The casing was partitioned, and through this opening, the barrel shaft was journaled. In front of the casing was a cam with spiral surfaces. The cam imparted a reciprocating motion to the locks when the gun rotated. Also in the casing was a cocking ring with projections to cock and fire the gun. Each barrel had a single lock, working in the lock cylinder on a line with the barrel. The lock cylinder was encased and joined to the frame. Early models had a fibrous matting stuffed in among the barrels, which could be soaked with water to cool the barrels down. Later models eliminated the matting jacketing as being unnecessary.

Cartridges, held in a hopper, dropped individually into the grooves of the carrier. The lock was simultaneously forced by the cam to move forward and load the cartridge, and when the cam was at its highest point, the cocking ring freed the lock and fired the cartridge.
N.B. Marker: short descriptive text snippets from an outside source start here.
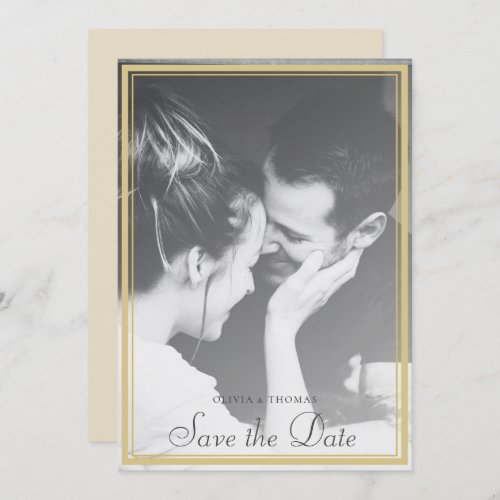 Simple Chic Gold Frame Photo Wedding Save the Date Invitation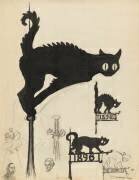 Divers projets d'enseignes surmontées de chats noirs (Théophile Alexandre Steinlen) - Muzeo.com
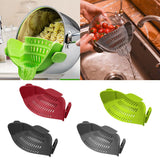 Maxbell Clip-on Silicone Kitchen Pan Strainer Colander & Drainer, Pan Strainer Green - Aladdin Shoppers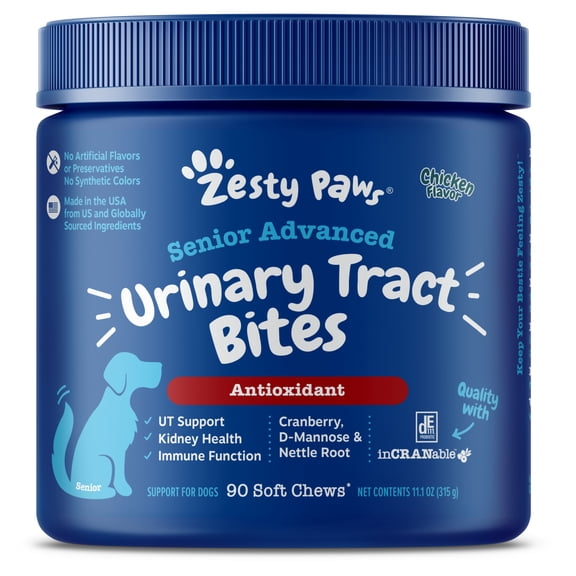 Zesty Paws Urinary Tract Bites Chicken Flavor Dog Supplement, 90 Count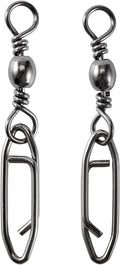 QISHUO High Strength Fishing Swivels Stainless Clips Steel Snap Swivels Barrel Connector Saltwater Swivel Fishing Rolling Black Nickel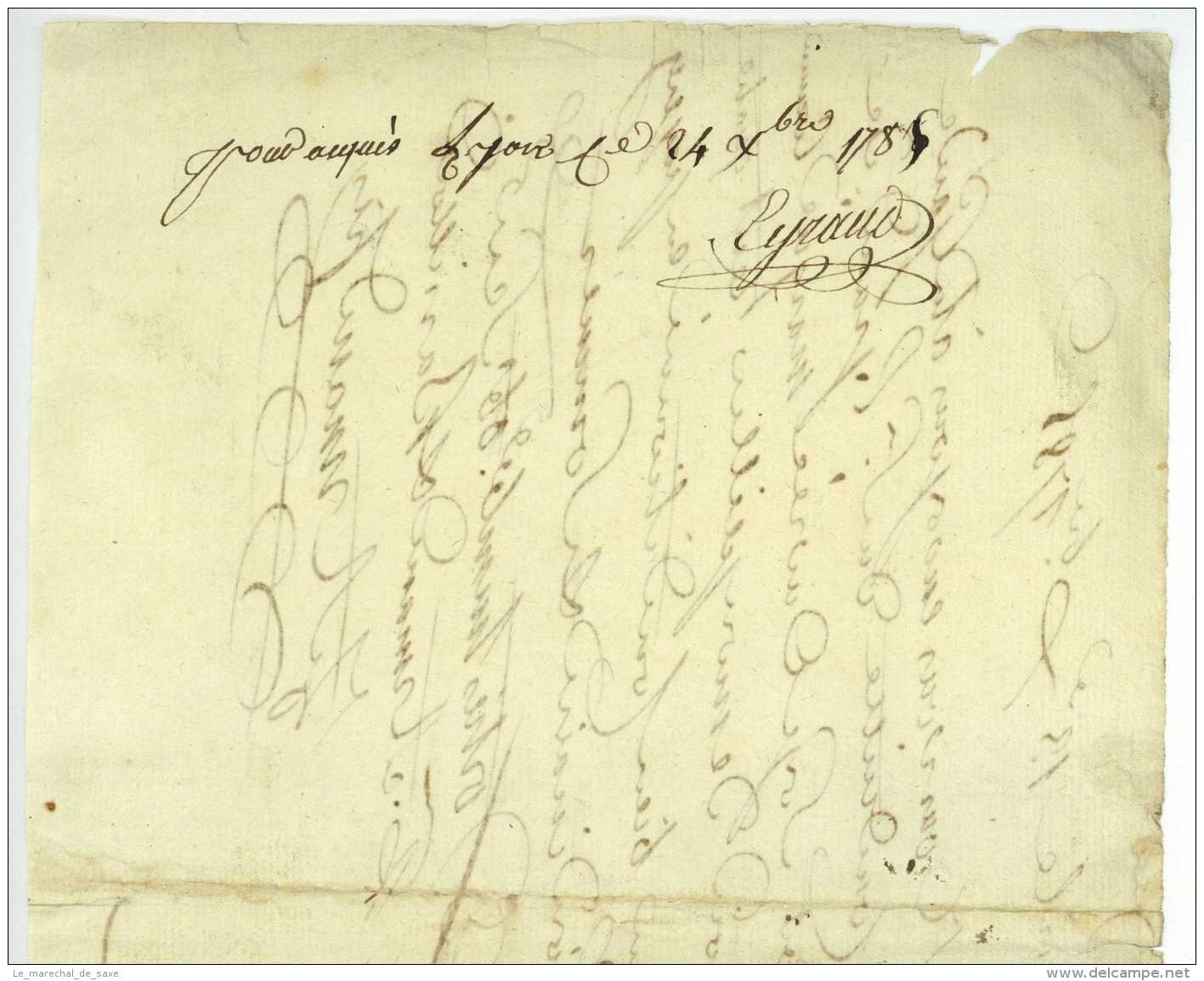 NYON 1785 Vaud Suisse Lettre De Voiture Pour Lyon - Documents Historiques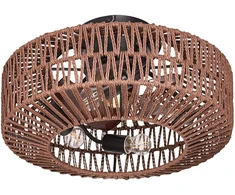 Beliani Lubinis ventiliatorius su lempa ESTERO ir nuotolinio valdymo pultu, rudos spalvos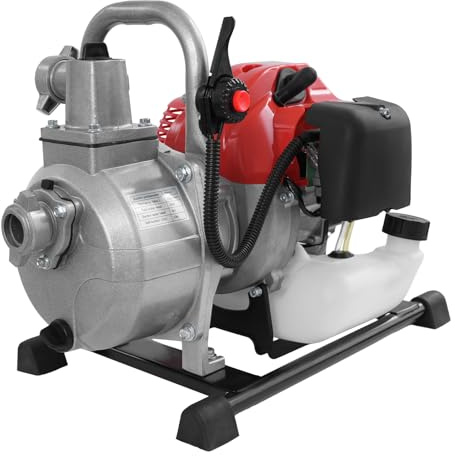 1,25 kW Wasserpumpe, 10.000 l/h, 98 m Förderhöhe, 1 Zoll Anschluss, Gartenpumpe, Schmutzwasserpumpe mit 4-Takt-Motor, 8 m Ansaugbereich, Benzinpumpe, Zugstart, Metallfuß, Tragegriff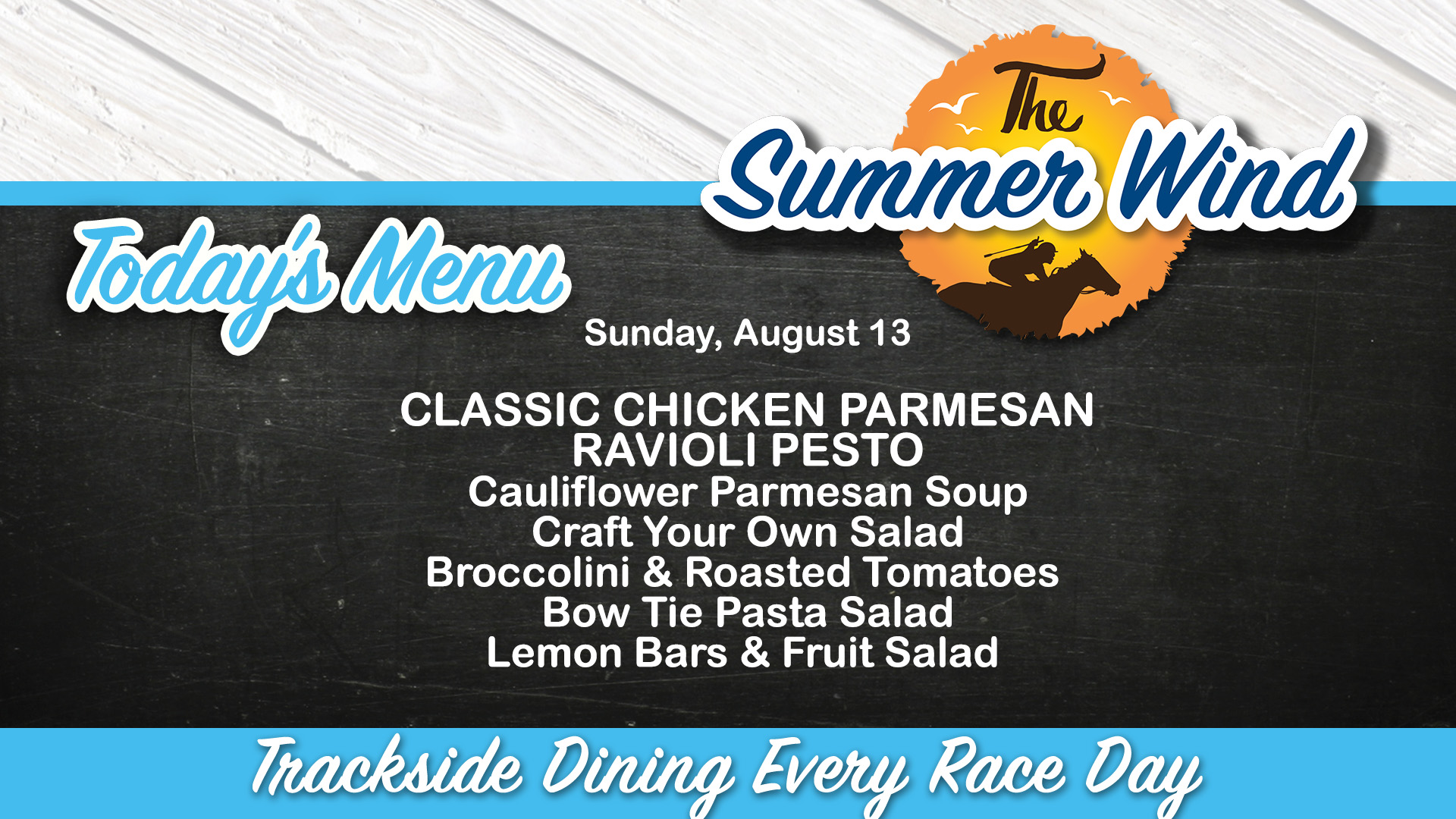 Here are the Summer Wind menus... - Monmouth Park Racetrack | Facebook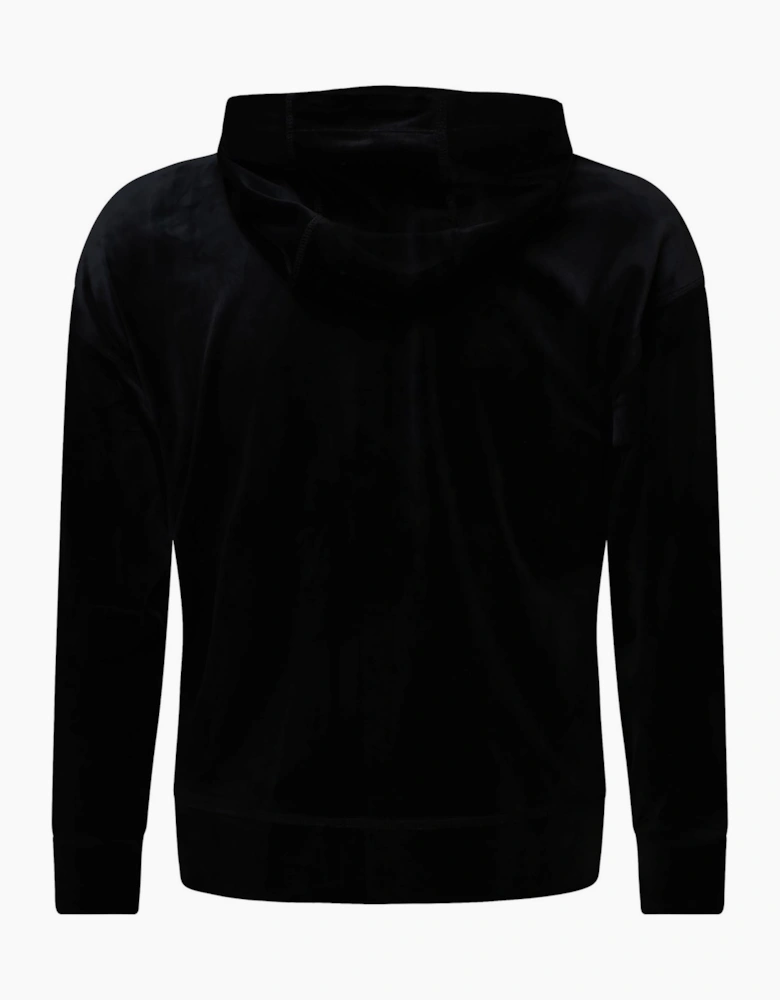 Full Zip Hooded Cardigan With Rhinestone Logo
After the cartridge was fired the continuing action of the cam drew back the lock bringing with it the spent casing which then dropped to the ground.

The grouped barrel concept had been explored by inventors since the 18th century, but poor engineering and the lack of a unitary cartridge made previous designs unsuccessful. The initial Gatling gun design used self-contained, reloadable steel cylinders with a chamber holding a ball and black-powder charge, and a percussion cap on one end. As the barrels rotated, these steel cylinders dropped into place, were fired, and were then ejected from the gun. The innovative features of the Gatling gun were its independent firing mechanism for each barrel and the simultaneous action of the locks, barrels, carrier, and breech.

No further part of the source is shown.